Re: BUG: unable to handle kernel paging request in __switch_to

From: Andy Lutomirski
Date: Thu Dec 14 2017 - 13:55:12 EST


On Thu, Dec 14, 2017 at 10:42 AM, Linus Torvalds
<torvalds@xxxxxxxxxxxxxxxxxxxx> wrote:
> On Thu, Dec 14, 2017 at 9:12 AM, Thomas Gleixner <tglx@xxxxxxxxxxxxx> wrote:
>> On Sun, 3 Dec 2017, syzbot wrote:
>>> BUG: unable to handle kernel paging request at fffffffffffffff8
>>> Oops: 0002 [#1] SMP KASAN
>
> System write of a non-existent page.
>
>>> RIP: 0010:switch_fpu_prepare arch/x86/include/asm/fpu/internal.h:535 [inline]
>>> RIP: 0010:__switch_to+0x95b/0x1330 arch/x86/kernel/process_64.c:407
>
> This says it's
>
> old_fpu->last_cpu = cpu;
>
> and the code disassembly ends up looking something like this:
>
> 0: 48 c1 ea 03 shr $0x3,%rdx
> 4: 0f b6 04 02 movzbl (%rdx,%rax,1),%eax
> 8: 84 c0 test %al,%al
> a: 74 08 je 0x14
> c: 3c 03 cmp $0x3,%al
> e: 0f 8e d5 06 00 00 jle 0x6e9
> 14: 8b 85 70 fe ff ff mov -0x190(%rbp),%eax
> 1a: 41 89 84 24 c0 15 00 mov %eax,0x15c0(%r12)
> 21: 00
> 22:* cc int3 <-- trapping instruction
>
> where that preceding two "mov" instructions look like it might indeed be that
>
> old_fpu->last_cpu = cpu;
>
> thing, and the register state doesn't look insane for this.
>
> So I think the RIP->line encoding is slightly off, and that "int3" is
> almost certainly due to the very next thing after the write:
>
> trace_x86_fpu_regs_deactivated(old_fpu);
>
> and that actually makes sense if the test robot is doing some tracing,
> particularly if it's just about to _start_ tracing, and it has
> replaced the first byte of the instruction with 'int3' and is in the
> process of doing the rewrite.
>
> The fact that it then takes a system write fault is because some GDT
> or IDT setup is screwed up. Or possibly the stack is screwed up and
> started out as 0, and then the push to the stack would decrement the
> stack pointer and try to push the error state or something.
>
>> That's the second report I'm staring at today which has CR2
>> fffffffffffffffx and points to a faulting instruction which does not make
>> any sense at all.
>
> That actually does make sense - see above. It just requires that race
> with the instruction rewriting.
>
> *Normally* we never actually take the "int3" exception, because
> normally we'll have completed the rewrite before another CPU actually
> executes the instruction that is being rewritten.
>
> So I'm assuming this is with the page table isolation, and some
> unusual case in exception handling got screwed up.

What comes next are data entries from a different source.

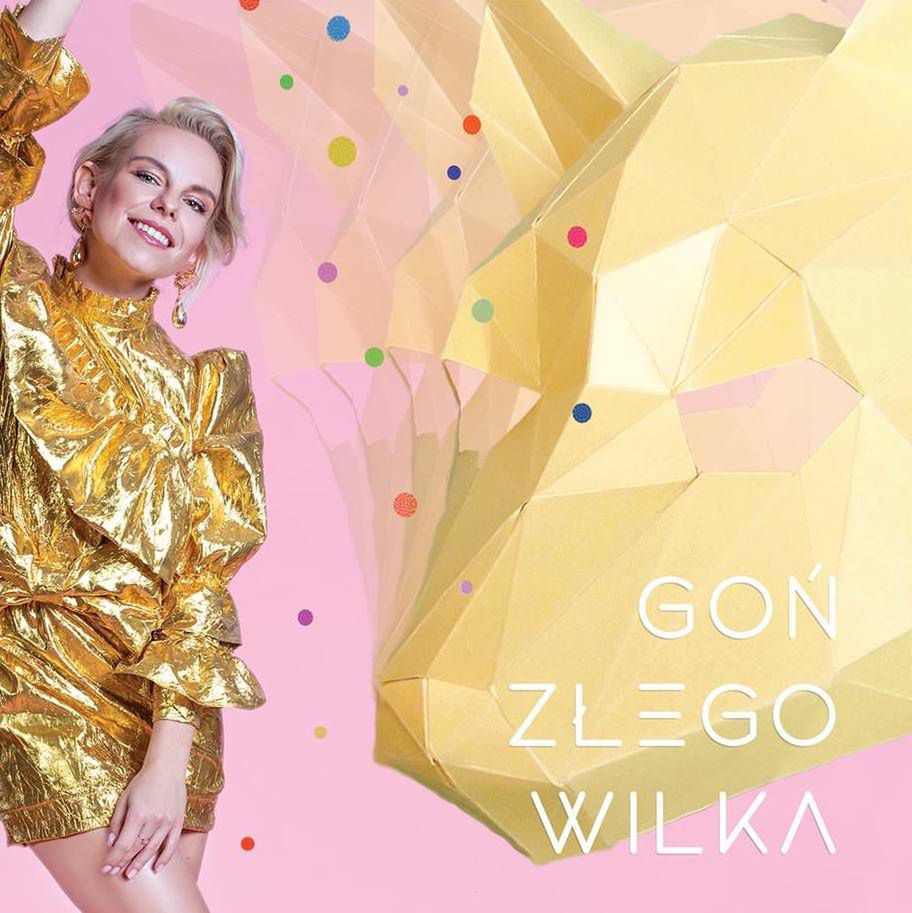 Alicja Janosz dzieciom – okładka płyty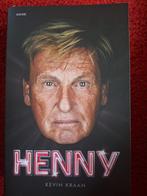 Kevin Kraan - Henny Huisman, Ophalen of Verzenden, Gelezen, Kevin Kraan, Film, Tv en Media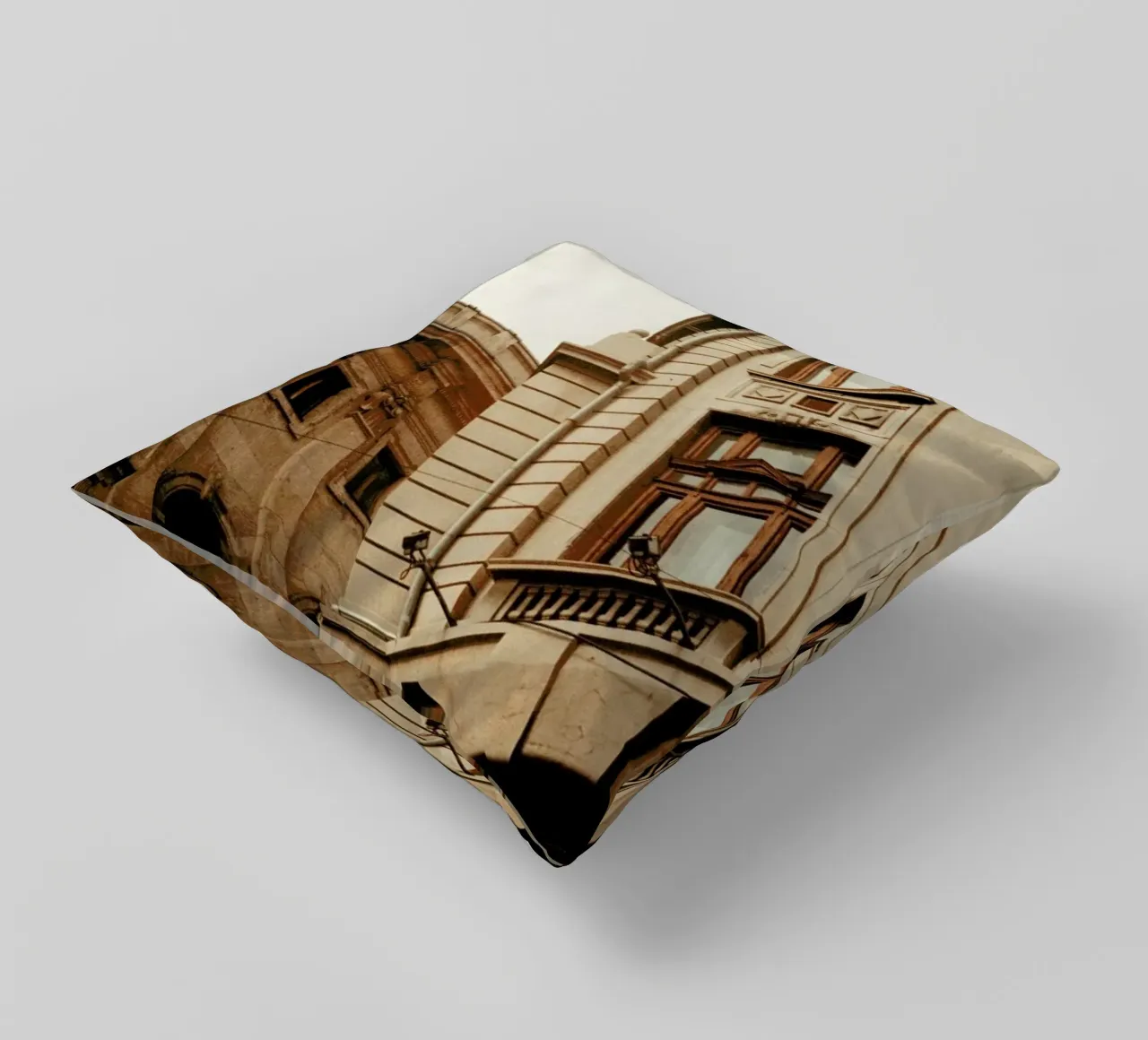 Analog Series The Corner cuscino da Sebastian Hilgetag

SDM time. Assuming the CPU actually decoded int3 and tried to execute
it, I can see a couple possible outcomes:

1. Something's wrong with the IDT and it can't read the vector. I
think this would end up triple-faulting, though.

2. It actually tries to handle the breakpoint. A breakpoint is a
benign exception, so any exception encountered while delivering it
would result in serial delivery. I've never thought that serial
delivery made any sense -- presumably it just cancels the breakpoint
and delivers the other exception. So this *could* be a page fault hit
during delivery of the int3 exception. I don't believe it's a GDT
problem, though, because that would also likely lead to a triple
fault. What I *would* believe is that the IST table got messed up and
we're seeing the result of trying to push to the stack with the
initial RSP=0 so the fault hits at address -8.

I have no idea how that would happen, though. Especially since int3
from userspace would have exactly the same problem, and we exercise
that code in the selftests.